Connoisseur of Smiles

(My second Cowbird submission.)

I collect smiles like some people collect rare and exotic maps of foreign locations and relics from times gone by. Someone else owned these things once. Once they belonged to men and boys, in their pockets, on their faces. They touched them with their hands, found in them direction, and then left them behind. Now they belong to collectors like me, enshrined in frames and memories.

My collection began with a stranger on the streets of Boston.It was serendipity. He biked past me two times, his shirt sleeves rolled to his elbows, tattoos showing. By the third time, I laughed to see him sailing by, and he laughed, too. That smile disturbed something in me that had been sleeping. But we never spoke, never passed by one another again.

In a haphazard, accidental, piecemeal way, the collection grew in breadth and depth. I was hardly aware of it. Here a friend of a friend. There another stranger, a character on a cinematic screen, a lover.

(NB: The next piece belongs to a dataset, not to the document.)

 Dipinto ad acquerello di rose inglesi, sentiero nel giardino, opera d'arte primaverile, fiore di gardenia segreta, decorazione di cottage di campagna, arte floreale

(Your smile belongs to me now.)

It happens like this: an individual becomes clear against the visual cacophony of the bar, the street, the intimate dinner party. The person’s character – too serious, too carefree, too demanding, too forgiving – doesn’t seem to matter. What does is the transformation of the smile. A truly magnificent smile reshapes the face from whatever into peaks and gullies of laugh lines and crow’s feet. A cartographer’s delight.

But the nature of maps, no matter how carefully printed, is that they fade. Folds fray and tear. Both sunlight and rain stain them beyond repair. So too do these people fade. Their forms, so fine, are worn away by the pressure of my memory’s fingers. But the smiles linger like Cheshire grins, disembodied.

I keep these smiles with me. From time to time, I set them around me to admire. Such beautiful smiles. I loved and love each one fiercely.

I am a connoisseur of smiles; your smile belongs to me.